Dataset records:
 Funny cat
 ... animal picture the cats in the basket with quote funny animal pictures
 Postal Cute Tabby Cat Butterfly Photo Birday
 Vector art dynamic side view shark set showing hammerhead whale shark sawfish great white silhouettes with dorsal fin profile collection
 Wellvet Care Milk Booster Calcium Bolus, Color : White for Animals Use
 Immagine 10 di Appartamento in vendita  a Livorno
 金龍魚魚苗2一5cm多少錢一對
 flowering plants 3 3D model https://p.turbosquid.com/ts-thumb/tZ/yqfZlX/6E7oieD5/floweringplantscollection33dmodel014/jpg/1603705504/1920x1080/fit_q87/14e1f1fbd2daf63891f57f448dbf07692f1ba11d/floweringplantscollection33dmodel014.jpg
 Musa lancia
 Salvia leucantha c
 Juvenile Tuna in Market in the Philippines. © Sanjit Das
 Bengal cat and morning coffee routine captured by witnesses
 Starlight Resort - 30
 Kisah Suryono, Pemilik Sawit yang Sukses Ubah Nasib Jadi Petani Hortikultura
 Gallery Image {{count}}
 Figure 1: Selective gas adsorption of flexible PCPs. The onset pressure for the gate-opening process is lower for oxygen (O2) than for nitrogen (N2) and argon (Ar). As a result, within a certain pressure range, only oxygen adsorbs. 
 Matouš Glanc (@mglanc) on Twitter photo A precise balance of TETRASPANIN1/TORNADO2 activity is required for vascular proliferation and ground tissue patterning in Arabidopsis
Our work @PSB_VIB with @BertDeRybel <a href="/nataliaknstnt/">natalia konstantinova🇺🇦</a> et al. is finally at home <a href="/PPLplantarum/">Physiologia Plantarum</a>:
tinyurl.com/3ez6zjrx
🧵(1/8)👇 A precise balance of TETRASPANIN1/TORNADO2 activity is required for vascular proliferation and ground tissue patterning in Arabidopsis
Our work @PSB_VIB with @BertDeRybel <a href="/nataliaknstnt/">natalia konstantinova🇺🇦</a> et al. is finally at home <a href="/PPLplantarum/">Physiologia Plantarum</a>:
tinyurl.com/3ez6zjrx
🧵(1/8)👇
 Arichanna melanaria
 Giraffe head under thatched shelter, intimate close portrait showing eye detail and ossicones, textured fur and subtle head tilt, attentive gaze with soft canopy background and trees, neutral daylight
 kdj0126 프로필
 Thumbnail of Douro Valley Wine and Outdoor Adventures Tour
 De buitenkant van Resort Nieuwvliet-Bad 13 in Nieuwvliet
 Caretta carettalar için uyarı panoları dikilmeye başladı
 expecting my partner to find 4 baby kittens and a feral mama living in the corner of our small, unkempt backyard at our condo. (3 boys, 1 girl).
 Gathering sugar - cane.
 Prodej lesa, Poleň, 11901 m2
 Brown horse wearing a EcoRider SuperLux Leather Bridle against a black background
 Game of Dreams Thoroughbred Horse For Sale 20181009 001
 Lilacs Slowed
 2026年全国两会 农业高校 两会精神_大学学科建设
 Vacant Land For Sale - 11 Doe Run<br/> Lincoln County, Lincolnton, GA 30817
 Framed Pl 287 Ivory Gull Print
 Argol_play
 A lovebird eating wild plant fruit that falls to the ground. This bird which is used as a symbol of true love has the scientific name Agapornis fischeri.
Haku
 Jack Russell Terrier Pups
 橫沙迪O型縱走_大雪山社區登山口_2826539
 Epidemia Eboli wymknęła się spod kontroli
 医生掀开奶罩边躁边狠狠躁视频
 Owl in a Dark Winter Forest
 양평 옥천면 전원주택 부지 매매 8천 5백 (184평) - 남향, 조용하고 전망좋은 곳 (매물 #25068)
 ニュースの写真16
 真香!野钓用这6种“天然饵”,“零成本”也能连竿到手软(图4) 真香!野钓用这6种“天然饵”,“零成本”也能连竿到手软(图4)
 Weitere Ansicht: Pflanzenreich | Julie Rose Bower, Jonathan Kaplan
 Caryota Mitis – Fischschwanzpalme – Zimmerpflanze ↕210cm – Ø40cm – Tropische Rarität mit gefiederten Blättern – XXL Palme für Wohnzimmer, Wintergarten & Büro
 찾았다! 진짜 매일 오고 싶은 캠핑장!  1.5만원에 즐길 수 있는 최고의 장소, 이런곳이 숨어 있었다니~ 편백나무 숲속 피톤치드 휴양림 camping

• [Your assignment]
Please set down each entry again, word for word.

• [Output for this exercise]
 Funny cat
 ... animal picture the cats in the basket with quote funny animal pictures
 Postal Cute Tabby Cat Butterfly Photo Birday
 Vector art dynamic side view shark set showing hammerhead whale shark sawfish great white silhouettes with dorsal fin profile collection
 Wellvet Care Milk Booster Calcium Bolus, Color : White for Animals Use
 Immagine 10 di Appartamento in vendita  a Livorno
 金龍魚魚苗2一5cm多少錢一對
 flowering plants 3 3D model https://p.turbosquid.com/ts-thumb/tZ/yqfZlX/6E7oieD5/floweringplantscollection33dmodel014/jpg/1603705504/1920x1080/fit_q87/14e1f1fbd2daf63891f57f448dbf07692f1ba11d/floweringplantscollection33dmodel014.jpg
 Musa lancia
 Salvia leucantha c
 Juvenile Tuna in Market in the Philippines. © Sanjit Das
 Bengal cat and morning coffee routine captured by witnesses
 Starlight Resort - 30
 Kisah Suryono, Pemilik Sawit yang Sukses Ubah Nasib Jadi Petani Hortikultura
 Gallery Image {{count}}
 Figure 1: Selective gas adsorption of flexible PCPs. The onset pressure for the gate-opening process is lower for oxygen (O2) than for nitrogen (N2) and argon (Ar). As a result, within a certain pressure range, only oxygen adsorbs. 
 Matouš Glanc (@mglanc) on Twitter photo A precise balance of TETRASPANIN1/TORNADO2 activity is required for vascular proliferation and ground tissue patterning in Arabidopsis
Our work @PSB_VIB with @BertDeRybel <a href="/nataliaknstnt/">natalia konstantinova🇺🇦</a> et al. is finally at home <a href="/PPLplantarum/">Physiologia Plantarum</a>:
tinyurl.com/3ez6zjrx
🧵(1/8)👇 A precise balance of TETRASPANIN1/TORNADO2 activity is required for vascular proliferation and ground tissue patterning in Arabidopsis
Our work @PSB_VIB with @BertDeRybel <a href="/nataliaknstnt/">natalia konstantinova🇺🇦</a> et al. is finally at home <a href="/PPLplantarum/">Physiologia Plantarum</a>:
tinyurl.com/3ez6zjrx
🧵(1/8)👇
 Arichanna melanaria
 Giraffe head under thatched shelter, intimate close portrait showing eye detail and ossicones, textured fur and subtle head tilt, attentive gaze with soft canopy background and trees, neutral daylight
 kdj0126 프로필
 Thumbnail of Douro Valley Wine and Outdoor Adventures Tour
 De buitenkant van Resort Nieuwvliet-Bad 13 in Nieuwvliet
 Caretta carettalar için uyarı panoları dikilmeye başladı
 expecting my partner to find 4 baby kittens and a feral mama living in the corner of our small, unkempt backyard at our condo. (3 boys, 1 girl).
 Gathering sugar - cane.
 Prodej lesa, Poleň, 11901 m2
 Brown horse wearing a EcoRider SuperLux Leather Bridle against a black background
 Game of Dreams Thoroughbred Horse For Sale 20181009 001
 Lilacs Slowed
 2026年全国两会 农业高校 两会精神_大学学科建设
 Vacant Land For Sale - 11 Doe Run<br/> Lincoln County, Lincolnton, GA 30817
 Framed Pl 287 Ivory Gull Print
 Argol_play
 A lovebird eating wild plant fruit that falls to the ground. This bird which is used as a symbol of true love has the scientific name Agapornis fischeri.
Haku
 Jack Russell Terrier Pups
 橫沙迪O型縱走_大雪山社區登山口_2826539
 Epidemia Eboli wymknęła się spod kontroli
 医生掀开奶罩边躁边狠狠躁视频
 Owl in a Dark Winter Forest
 양평 옥천면 전원주택 부지 매매 8천 5백 (184평) - 남향, 조용하고 전망좋은 곳 (매물 #25068)
 ニュースの写真16
 真香!野钓用这6种“天然饵”,“零成本”也能连竿到手软(图4) 真香!野钓用这6种“天然饵”,“零成本”也能连竿到手软(图4)
 Weitere Ansicht: Pflanzenreich | Julie Rose Bower, Jonathan Kaplan
 Caryota Mitis – Fischschwanzpalme – Zimmerpflanze ↕210cm – Ø40cm – Tropische Rarität mit gefiederten Blättern – XXL Palme für Wohnzimmer, Wintergarten & Büro
 찾았다! 진짜 매일 오고 싶은 캠핑장!  1.5만원에 즐길 수 있는 최고의 장소, 이런곳이 숨어 있었다니~ 편백나무 숲속 피톤치드 휴양림 camping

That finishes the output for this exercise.